A Cautionary Tale of AWS Networking

+------------------------------------------------------------------------------+
|                                                                              |
|  Dhananjaya D R                   @/Blog   @/Software   @/Resume   @/Contact |
|                                                                              |
+------------------------------------------------------------------------------+


AWS Networking Costs Case Study
________________________________________________________________________________

I have been using AWS long enough to know the basics. But every time I think I 
know it, there is something new to learn. Sometimes those lessons come with a 
big price tag.

A couple of weeks ago, a peer asked me to audit their AWS costs. It was looking 
good after the standard optimizations, until I watched a TV show where the 
protagonist was told to "follow the money." That phrase stuck with me. I logged 
into their AWS Console and clicked through:

Billing and Cost Management -> Billing and Payments -> Bills. 

That’s when I saw it:

> $0.045 per GB Data Processed by NAT Gateways: 87,657.984 GB — USD 3,944.61

This scratched a part of my brain. The team uses terraform for infra automation.
When they bring up a machines, they attach a subnet that uses a default legacy 
configs. I traced back the routing table for that subnet and saw the 
route: 0.0.0.0/0 -> nat-gateway (10.0.4.xxx).

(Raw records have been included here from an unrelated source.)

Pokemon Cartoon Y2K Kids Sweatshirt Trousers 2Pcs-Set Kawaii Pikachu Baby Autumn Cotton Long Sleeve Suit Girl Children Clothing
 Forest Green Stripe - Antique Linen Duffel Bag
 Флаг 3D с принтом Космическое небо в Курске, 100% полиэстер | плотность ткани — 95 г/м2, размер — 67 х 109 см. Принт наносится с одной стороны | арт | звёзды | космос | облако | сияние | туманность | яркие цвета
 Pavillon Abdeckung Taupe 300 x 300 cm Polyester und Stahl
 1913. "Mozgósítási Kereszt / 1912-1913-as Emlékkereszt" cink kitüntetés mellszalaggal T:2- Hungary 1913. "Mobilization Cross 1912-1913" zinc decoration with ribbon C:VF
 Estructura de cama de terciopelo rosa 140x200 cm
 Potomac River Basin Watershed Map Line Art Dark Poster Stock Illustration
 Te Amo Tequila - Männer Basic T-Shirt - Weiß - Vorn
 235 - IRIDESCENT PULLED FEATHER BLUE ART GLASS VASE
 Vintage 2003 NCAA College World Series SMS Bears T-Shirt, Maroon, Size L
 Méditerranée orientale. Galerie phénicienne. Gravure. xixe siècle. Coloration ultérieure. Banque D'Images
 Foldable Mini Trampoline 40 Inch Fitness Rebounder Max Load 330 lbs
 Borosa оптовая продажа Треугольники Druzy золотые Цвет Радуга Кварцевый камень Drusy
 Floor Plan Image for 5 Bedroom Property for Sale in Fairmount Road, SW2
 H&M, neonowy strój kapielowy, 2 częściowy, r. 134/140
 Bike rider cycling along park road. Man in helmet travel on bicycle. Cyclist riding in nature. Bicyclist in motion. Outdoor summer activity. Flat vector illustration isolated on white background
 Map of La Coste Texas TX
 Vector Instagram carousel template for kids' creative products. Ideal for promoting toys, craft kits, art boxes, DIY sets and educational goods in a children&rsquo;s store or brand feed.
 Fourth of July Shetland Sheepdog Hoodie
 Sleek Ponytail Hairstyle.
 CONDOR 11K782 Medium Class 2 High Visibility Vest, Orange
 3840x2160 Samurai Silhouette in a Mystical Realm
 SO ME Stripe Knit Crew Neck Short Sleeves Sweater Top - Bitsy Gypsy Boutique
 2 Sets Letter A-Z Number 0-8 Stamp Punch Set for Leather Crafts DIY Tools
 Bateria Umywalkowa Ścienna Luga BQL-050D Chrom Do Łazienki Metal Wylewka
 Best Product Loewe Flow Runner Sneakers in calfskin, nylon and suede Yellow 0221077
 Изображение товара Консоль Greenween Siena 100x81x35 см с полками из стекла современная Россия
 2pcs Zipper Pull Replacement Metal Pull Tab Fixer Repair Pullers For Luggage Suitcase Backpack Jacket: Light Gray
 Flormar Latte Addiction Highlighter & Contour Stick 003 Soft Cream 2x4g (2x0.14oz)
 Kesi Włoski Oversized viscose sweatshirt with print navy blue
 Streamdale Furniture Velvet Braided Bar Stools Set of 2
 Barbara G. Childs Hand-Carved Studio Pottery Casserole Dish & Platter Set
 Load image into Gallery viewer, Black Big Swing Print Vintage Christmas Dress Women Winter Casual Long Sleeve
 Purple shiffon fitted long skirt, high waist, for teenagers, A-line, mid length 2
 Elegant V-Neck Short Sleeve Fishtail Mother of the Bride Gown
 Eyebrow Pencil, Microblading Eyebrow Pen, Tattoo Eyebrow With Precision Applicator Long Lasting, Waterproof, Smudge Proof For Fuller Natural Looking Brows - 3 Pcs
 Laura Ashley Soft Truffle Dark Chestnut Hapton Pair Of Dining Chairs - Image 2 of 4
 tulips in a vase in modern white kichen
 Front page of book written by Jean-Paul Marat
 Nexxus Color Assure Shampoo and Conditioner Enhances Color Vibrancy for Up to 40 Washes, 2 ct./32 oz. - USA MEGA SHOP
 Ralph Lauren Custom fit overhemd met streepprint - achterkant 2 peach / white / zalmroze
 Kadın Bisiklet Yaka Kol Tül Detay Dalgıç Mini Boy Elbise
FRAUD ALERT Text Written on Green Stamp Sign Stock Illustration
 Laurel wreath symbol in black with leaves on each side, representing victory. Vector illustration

To confirm my suspicion, I logged into one of the EC2 instances they had spun up
and ran a traceroute to S3:

+------------------------------------------------------------------------------+
| ubuntu@ip-10-0-2x-x5:~$ sudo traceroute -n -T -p 443 s3.us-east-1.amaz....   |
|                                                                              |
| traceroute to s3.us-east-1.amazonaws.com (16.15.xxx.xxx), 30 hops max, 60 x  |
| 1  10.0.4.xxx     0.890 ms  1.173 ms  0.914 ms                               |
| 2  * * * |
| 3  16.15.xxx.xxx  3.808 ms  3.723 ms  3.583 ms                               |
+------------------------------------------------------------------------------+

You see, in the first hop (10.0.4.xxx), the traffic was going to the NAT 
Gateway. Even if you are making requests to S3 (an AWS service in the same 
region), if you are in a private subnet without specific configurations, that 
traffic is routed out through your NAT Gateway and back in. 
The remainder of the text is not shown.